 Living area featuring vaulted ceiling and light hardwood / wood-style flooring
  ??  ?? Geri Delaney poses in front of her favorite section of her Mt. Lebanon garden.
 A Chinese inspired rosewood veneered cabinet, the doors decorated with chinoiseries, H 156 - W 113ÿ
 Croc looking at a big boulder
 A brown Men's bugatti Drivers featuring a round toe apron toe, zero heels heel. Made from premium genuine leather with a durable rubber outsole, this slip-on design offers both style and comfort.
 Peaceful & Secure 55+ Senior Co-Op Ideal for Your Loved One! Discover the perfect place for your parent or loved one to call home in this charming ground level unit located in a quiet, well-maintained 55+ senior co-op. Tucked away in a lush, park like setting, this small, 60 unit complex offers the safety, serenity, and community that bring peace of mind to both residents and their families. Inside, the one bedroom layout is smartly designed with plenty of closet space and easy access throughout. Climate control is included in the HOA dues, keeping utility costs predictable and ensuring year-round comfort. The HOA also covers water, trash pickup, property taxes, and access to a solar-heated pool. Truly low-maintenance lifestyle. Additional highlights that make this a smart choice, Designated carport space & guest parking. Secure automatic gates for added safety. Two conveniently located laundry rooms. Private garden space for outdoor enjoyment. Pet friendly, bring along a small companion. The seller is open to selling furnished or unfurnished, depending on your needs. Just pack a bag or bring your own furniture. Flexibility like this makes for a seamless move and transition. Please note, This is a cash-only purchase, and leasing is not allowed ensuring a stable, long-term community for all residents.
--------------------------------
• _EXERCISE PROMPT_
Line for line, the material above should be repeated exactly.

• _YOUR SOLUTION_
 Living area featuring vaulted ceiling and light hardwood / wood-style flooring
  ??  ?? Geri Delaney poses in front of her favorite section of her Mt. Lebanon garden.
 A Chinese inspired rosewood veneered cabinet, the doors decorated with chinoiseries, H 156 - W 113ÿ
 Croc looking at a big boulder
 A brown Men's bugatti Drivers featuring a round toe apron toe, zero heels heel. Made from premium genuine leather with a durable rubber outsole, this slip-on design offers both style and comfort.
 Peaceful & Secure 55+ Senior Co-Op Ideal for Your Loved One! Discover the perfect place for your parent or loved one to call home in this charming ground level unit located in a quiet, well-maintained 55+ senior co-op. Tucked away in a lush, park like setting, this small, 60 unit complex offers the safety, serenity, and community that bring peace of mind to both residents and their families. Inside, the one bedroom layout is smartly designed with plenty of closet space and easy access throughout. Climate control is included in the HOA dues, keeping utility costs predictable and ensuring year-round comfort. The HOA also covers water, trash pickup, property taxes, and access to a solar-heated pool. Truly low-maintenance lifestyle. Additional highlights that make this a smart choice, Designated carport space & guest parking. Secure automatic gates for added safety. Two conveniently located laundry rooms. Private garden space for outdoor enjoyment. Pet friendly, bring along a small companion. The seller is open to selling furnished or unfurnished, depending on your needs. Just pack a bag or bring your own furniture. Flexibility like this makes for a seamless move and transition. Please note, This is a cash-only purchase, and leasing is not allowed ensuring a stable, long-term community for all residents.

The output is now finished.